Dallas, Texas: Death and distrust return to the streets that once changed America forever

A political assassination over a half-century ago and the fatal gunning down of five Dallas police officers force J. BROOKS SPECTOR to contemplate the horror of these moments.

In the first class after the school lunch period, in first year algebra as we wrestled with the mysteries of the quadratic formula (everyone alive then still remembers where they were when they heard), the school intercom system suddenly came alive with a terse announcement that school would, without warning, now end early and everyone would immediately go home because of a tragedy occurring in Dallas, Texas. There had been a terrible shooting there and it was best if every student was able to be with his or her respective parents at a time like this.

And so we filed out of Mrs Kantor’s maths class, went down the steps to the front doors of the school, and then joined millions of other students across America who similarly filled up school buses, took subways or simply walked home. Each of us were quiet and fearful as we returned to our homes to stare bleakly at the television as the death of a president was announced, his killer was caught, that killer was shot inside the Dallas police headquarters, and the cruel funeral took place on a freezing late autumn day. (If one happened to live in the Washington area, as I did then, we went downtown to wander in a kind of stunned silence with the vast but quiet crowd that first evening.) The date, of course, was 22 November 1963.

For years afterwards, the very name of Dallas became a kind of shorthand for a city whose entire population had chosen hating as a way of existence, rather than a place that tried to solve its problems and where its residents learnt how to get along. Among other things, besides being a place where a president could be killed by a man with a rifle sitting calmly next to a window of a book storage facility in the city’s downtown, Dallas was marked as a hotbed for the John Birch Society, that far-right-wing network that saw communists or worse subverting every government department, every university, and every newspaper – and that its citizens ought to do something about that.

Describing the Dallas of 30 years ago and a generation after the assassination, Lawrence Wright, in his essay in Texas Monthly magazine, recalled his own youth in that city. It is worth quoting from that article at some length when he wrote that he and his circle,

“…. Dallas was the murder capital of Texas, which led the United States in homicides. We were reminded that Dallas killed more people some years than all of England did – a statistic with little effect, for wasn’t England a sound-asleep society, and weren’t we exploding with new force, building a new world, making millions by the minute, and did you expect a new world to be born without death and broken hearts?….
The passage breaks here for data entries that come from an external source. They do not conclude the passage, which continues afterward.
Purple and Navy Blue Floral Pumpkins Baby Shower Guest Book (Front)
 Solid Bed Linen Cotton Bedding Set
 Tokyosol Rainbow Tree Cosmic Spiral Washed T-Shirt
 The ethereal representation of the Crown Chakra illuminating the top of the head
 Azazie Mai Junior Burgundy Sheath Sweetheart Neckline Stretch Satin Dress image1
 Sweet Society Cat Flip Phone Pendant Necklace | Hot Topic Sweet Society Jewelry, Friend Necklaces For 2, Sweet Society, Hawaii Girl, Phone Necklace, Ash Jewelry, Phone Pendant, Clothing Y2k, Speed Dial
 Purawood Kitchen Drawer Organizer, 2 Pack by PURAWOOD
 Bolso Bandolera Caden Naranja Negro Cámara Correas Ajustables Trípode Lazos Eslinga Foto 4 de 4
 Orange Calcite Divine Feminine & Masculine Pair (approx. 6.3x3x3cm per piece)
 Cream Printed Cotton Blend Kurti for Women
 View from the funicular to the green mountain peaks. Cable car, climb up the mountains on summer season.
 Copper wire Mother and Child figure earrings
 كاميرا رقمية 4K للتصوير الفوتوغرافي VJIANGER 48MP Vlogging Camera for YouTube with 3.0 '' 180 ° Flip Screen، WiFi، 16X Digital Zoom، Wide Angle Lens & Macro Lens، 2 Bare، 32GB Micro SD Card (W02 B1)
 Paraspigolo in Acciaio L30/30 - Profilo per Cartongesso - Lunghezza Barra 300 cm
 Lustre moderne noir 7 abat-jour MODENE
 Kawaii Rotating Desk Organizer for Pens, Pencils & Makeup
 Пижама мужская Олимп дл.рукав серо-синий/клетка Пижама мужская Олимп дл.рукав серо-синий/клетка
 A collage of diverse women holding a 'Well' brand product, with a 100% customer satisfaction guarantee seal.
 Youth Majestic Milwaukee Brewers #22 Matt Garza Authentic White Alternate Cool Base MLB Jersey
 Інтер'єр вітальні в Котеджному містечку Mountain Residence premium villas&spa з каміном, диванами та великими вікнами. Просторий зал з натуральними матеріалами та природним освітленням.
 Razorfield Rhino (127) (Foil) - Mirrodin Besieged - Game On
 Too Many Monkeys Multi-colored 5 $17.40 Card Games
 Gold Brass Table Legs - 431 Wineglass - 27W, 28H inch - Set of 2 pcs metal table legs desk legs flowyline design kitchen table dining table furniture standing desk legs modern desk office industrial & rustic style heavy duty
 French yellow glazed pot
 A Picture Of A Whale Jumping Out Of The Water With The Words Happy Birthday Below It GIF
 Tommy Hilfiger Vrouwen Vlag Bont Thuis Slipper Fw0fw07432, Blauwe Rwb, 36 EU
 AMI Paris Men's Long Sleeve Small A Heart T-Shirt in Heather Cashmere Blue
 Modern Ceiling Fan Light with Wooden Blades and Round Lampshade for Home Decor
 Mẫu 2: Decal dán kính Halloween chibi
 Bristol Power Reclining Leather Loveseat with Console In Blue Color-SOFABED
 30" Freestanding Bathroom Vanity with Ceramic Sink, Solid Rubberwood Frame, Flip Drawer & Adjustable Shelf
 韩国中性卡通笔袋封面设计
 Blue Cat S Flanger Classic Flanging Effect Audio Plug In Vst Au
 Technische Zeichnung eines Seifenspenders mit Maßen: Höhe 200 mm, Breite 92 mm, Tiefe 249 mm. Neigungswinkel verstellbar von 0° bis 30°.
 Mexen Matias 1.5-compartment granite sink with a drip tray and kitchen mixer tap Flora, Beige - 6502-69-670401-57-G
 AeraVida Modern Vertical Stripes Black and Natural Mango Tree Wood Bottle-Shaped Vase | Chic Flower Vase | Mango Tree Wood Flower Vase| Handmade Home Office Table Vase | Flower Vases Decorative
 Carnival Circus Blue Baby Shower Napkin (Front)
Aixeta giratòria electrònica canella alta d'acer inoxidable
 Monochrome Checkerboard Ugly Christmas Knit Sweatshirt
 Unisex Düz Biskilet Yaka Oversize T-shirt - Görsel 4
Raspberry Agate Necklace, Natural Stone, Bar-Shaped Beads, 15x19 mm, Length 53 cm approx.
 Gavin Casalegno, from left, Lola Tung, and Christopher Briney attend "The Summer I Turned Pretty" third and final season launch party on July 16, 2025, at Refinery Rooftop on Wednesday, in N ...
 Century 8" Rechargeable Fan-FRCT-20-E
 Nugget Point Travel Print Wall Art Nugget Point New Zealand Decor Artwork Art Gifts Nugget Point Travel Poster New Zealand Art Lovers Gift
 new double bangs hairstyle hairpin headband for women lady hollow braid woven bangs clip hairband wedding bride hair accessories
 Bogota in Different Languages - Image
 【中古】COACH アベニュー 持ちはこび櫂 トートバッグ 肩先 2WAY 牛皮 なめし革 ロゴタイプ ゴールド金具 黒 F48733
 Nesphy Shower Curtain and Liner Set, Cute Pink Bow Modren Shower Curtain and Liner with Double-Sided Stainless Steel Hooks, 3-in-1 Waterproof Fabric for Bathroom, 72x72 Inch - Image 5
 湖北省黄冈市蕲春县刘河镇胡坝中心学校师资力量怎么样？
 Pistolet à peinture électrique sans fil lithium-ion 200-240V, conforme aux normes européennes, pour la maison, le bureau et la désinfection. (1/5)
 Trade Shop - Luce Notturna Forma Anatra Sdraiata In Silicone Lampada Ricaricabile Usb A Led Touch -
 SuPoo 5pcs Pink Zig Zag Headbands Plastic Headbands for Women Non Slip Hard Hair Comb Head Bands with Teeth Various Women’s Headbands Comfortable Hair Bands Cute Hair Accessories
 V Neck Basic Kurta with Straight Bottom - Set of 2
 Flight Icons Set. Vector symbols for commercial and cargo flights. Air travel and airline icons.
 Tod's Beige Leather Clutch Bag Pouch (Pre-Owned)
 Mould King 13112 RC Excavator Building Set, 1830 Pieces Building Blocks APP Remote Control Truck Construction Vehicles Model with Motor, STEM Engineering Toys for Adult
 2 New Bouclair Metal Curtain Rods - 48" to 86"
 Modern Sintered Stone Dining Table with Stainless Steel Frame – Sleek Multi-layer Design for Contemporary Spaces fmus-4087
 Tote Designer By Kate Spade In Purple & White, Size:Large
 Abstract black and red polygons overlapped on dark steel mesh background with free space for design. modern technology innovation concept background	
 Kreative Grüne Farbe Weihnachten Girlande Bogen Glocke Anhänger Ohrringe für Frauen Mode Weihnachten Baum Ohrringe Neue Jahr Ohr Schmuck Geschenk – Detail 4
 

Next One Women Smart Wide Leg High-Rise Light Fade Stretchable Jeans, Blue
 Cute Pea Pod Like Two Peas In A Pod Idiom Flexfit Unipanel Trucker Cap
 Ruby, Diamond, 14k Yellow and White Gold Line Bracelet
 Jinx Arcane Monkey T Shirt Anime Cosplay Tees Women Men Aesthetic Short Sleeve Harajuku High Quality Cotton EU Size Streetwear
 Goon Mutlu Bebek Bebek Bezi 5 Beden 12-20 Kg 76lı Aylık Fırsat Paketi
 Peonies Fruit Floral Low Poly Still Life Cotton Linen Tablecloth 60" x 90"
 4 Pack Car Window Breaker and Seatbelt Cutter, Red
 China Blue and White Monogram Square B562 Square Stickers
Dallas was a city of believers, a city of eight hundred churches, among them the largest Methodist, the largest Baptist, and one of the largest Presbyterian churches in the world. In the face of so much belief, honest doubt quickly hid itself; sceptics and heretics were one and the same. In 1960, when Kennedy was contending for the Democratic presidential nomination, Reverend WA Criswell of the First Baptist Church in Dallas declared in a sermon that ‘the election of a Catholic as president would mean the end of religious freedom in America.’ One of Criswell’s 18,500 parishioners was [right wing] billionaire HL Hunt, and he took the trouble to have 200,000 copies of Criswell’s sermon mailed to Protestant ministers all over the country. Criswell later told Ronnie Dugger and Willie Morris of the Texas Observer that in his opinion Catholics should be barred from holding any public office….

While everyone was religious, some were super-religious, and they thought of themselves as a spiritual vanguard. They were contemptuous of the rest of us – we might as well have been agents of the Devil. It was the same with politics. The political scale in Dallas began with Eisenhower conservatism and ran well past fascism to a kind of conservative nihilism. Earle Cabell was a far-right Democrat, present at the founding though not a member of the Dallas chapter of the John Birch Society, and yet he was routinely described by the farther right as ‘the socialist mayor of Dallas’….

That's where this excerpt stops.